## HOW TO COMPLETE THIS TASK:
Which of the lines in the records below hold the string "image"? Copy every one of them.

## DATASET ENTRIES:
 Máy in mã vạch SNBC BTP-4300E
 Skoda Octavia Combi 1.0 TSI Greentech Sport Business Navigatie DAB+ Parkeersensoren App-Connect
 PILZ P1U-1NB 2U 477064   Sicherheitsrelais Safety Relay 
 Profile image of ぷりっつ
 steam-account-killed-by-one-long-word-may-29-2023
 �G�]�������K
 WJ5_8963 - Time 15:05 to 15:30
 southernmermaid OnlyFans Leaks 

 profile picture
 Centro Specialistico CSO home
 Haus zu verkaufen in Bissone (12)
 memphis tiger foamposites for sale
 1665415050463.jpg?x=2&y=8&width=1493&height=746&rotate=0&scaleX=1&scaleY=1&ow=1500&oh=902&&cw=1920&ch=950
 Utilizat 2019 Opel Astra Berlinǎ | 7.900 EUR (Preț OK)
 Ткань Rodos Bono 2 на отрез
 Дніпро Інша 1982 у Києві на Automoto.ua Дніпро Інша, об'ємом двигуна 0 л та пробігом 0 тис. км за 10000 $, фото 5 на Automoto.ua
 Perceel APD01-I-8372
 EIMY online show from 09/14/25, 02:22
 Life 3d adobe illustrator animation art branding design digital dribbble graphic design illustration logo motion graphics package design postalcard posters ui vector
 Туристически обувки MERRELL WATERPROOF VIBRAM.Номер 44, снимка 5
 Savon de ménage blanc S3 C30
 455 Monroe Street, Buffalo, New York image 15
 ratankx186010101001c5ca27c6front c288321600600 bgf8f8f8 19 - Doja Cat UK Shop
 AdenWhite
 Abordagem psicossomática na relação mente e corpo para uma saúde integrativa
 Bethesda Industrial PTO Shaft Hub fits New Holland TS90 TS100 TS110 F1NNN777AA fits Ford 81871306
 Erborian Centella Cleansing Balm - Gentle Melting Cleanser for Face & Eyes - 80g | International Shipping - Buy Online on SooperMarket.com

## RESPONSE AREA:
 Profile image of ぷりっつ
 455 Monroe Street, Buffalo, New York image 15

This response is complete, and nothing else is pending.